Acts involving physical touch – if you’re comfortable with them – can be very relieving. Hugging, kissing, cuddling, and engaging in intimacy can all reduce stress levels and make you feel more positive.
According to Elizabeth Scott, MS, hugging a loved one releases something called oxytocin, which is a positive hormone commonly referred to as the “cuddle hormone.” It’s great for improving mood, reducing blood pressure, and bringing down stress hormone levels while triggering relaxation.
5. Practice Mindfulness
Mindfulness can be defined as the process of grounding yourself to the current present. It is essentially the act of anchoring yourself to a moment, allowing you to feel more relaxed and calm instead of floating away in your worries. Studies have found that mindfulness can fight anxiety symptoms and improve positive thinking. It can boost self-esteem, too.
There are many, many ways to practice mindfulness. Following guided mindfulness meditation videos, attending mindfulness-based cognitive therapy, meditating, and even practicing yoga can all help. Newton, Massachusetts Behavioral Health and Wellness Center owner and clinical psychologist Sari Chait, Ph.D., recommends a grounding exercise known as the 5-4-3-2-1 exercise. To do it, you simply:
- Look around you and name five things that you can see.

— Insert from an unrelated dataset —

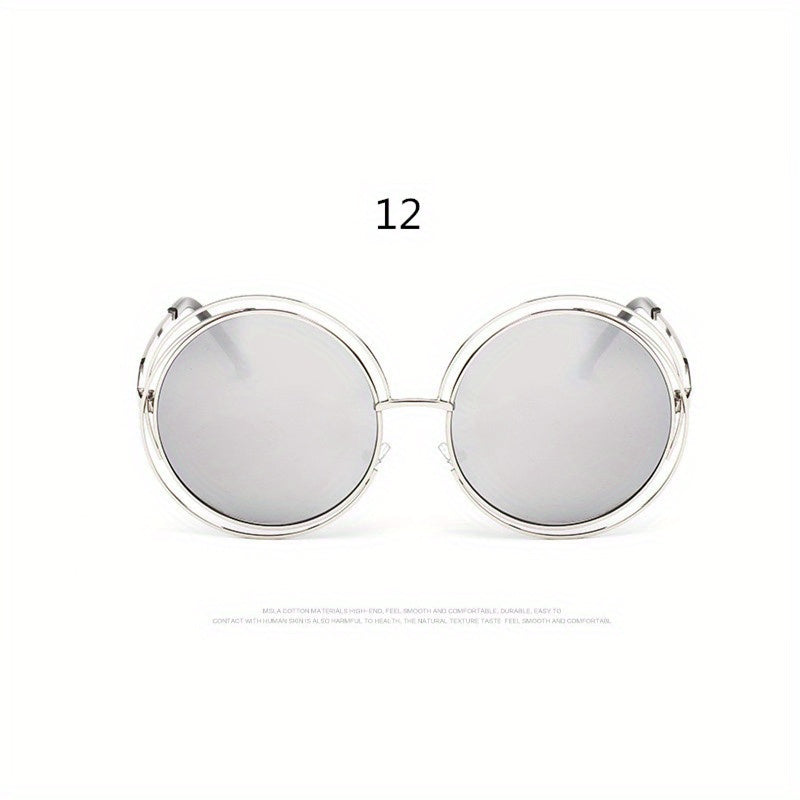 Унисекс металлические очки в oversized круглой полой форме для летних пляжных вечеринок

- Touch around you and name four things that you can feel.
- Listen around you and name three things that you can hear.
- Sniff around you and name two things that you can smell.
- Finally, name one thing that you can taste – even if it means eating or drinking something.

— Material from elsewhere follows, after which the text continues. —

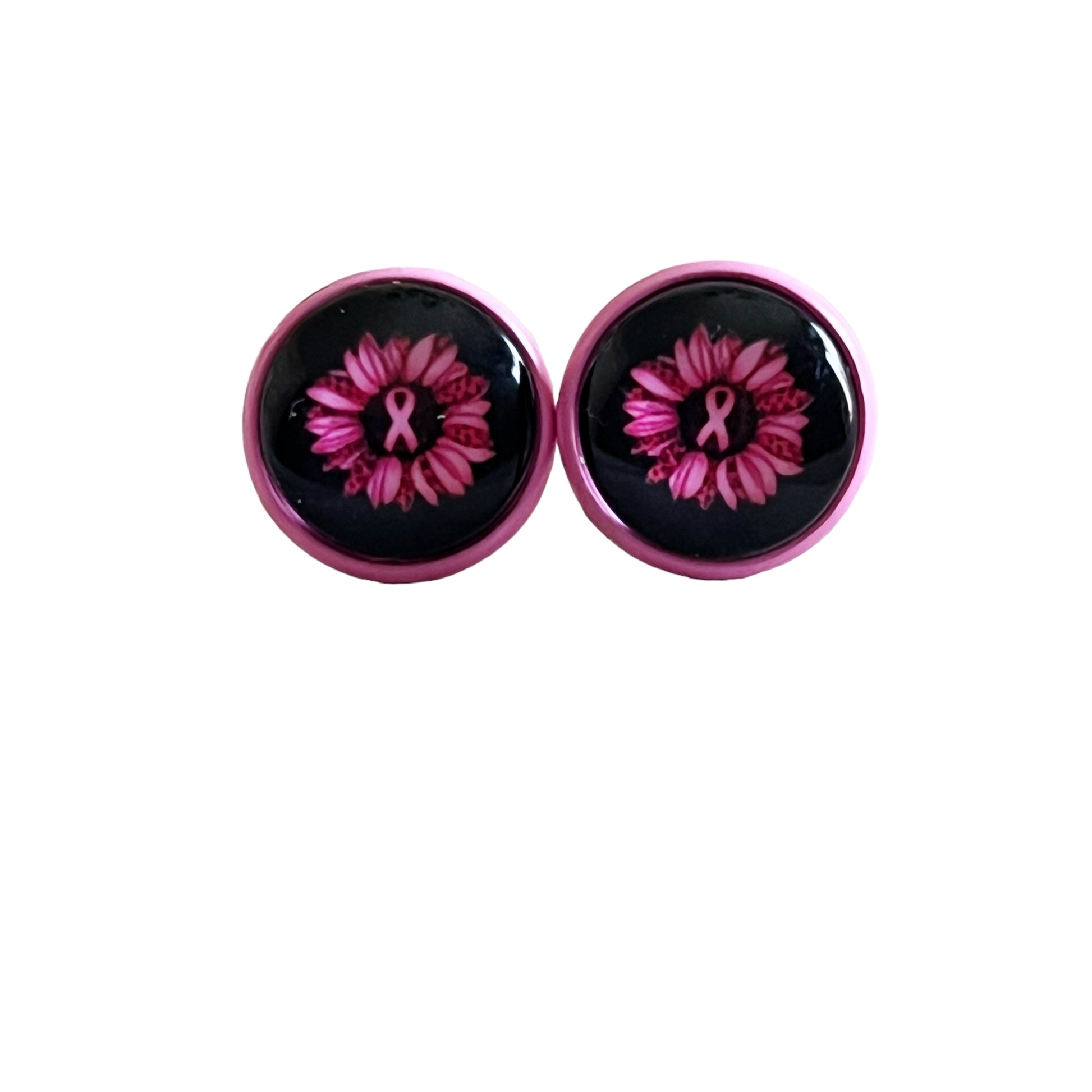 Breast Cancer Awareness Pink Sunflower Stud Earrings - Stylish and Supportive Accessories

6. Use Aromatherapy to Stop Stress
Aromatherapy has plenty of benefits. Though it sounds fancy, it just refers to the act of calming yourself with scents. According to Scott, aromatherapy can help you to feel more grounded, have higher energy levels, feel more relaxed, decrease stress hormones, improve sleep, and even reduce symptoms of anxiety in favor of a more positive mood.

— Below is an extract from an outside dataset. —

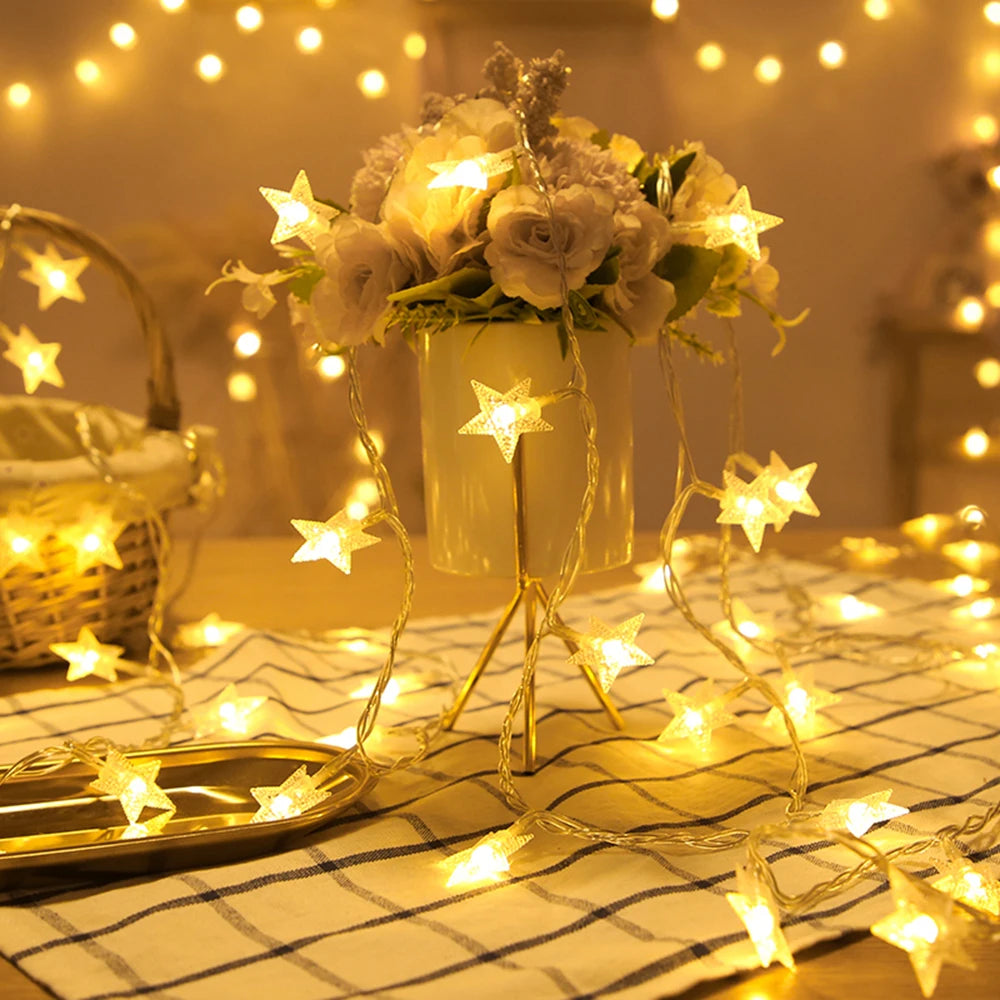 β¨ Star String Fairy Lights β Outdoor & Christmas Decor β¨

You can use anything to get your good-scent kick, whether it be through body products, candles, or diffusers.
Some scents are especially soothing. Here are some of the most calming scents:
- Orange blossom
- Roman chamomile
- Ylang ylang
Laughter is a great way to get rid of stress, says PVD Psychological Associates founder and licensed psychologist Nicole Issa, PsyD. Research has found that those who experience more laughter can receive much more stress relief than individuals who are distracted from their troubles in other ways.
According to Issa, laughter helps the body relax in many different ways:
- Relieving muscle tension
- Reducing stress response
- Boosting mood
- Bolstering the immune system
Have trouble laughing? Smile instead for the time being and work your way up to it. Even if you have to fake it till you make it, it’s still an effective technique. The brain doesn’t recognize the difference between people genuinely smiling with positive intent, and those faking a smile, so it releases the same stress-relieving components regardless.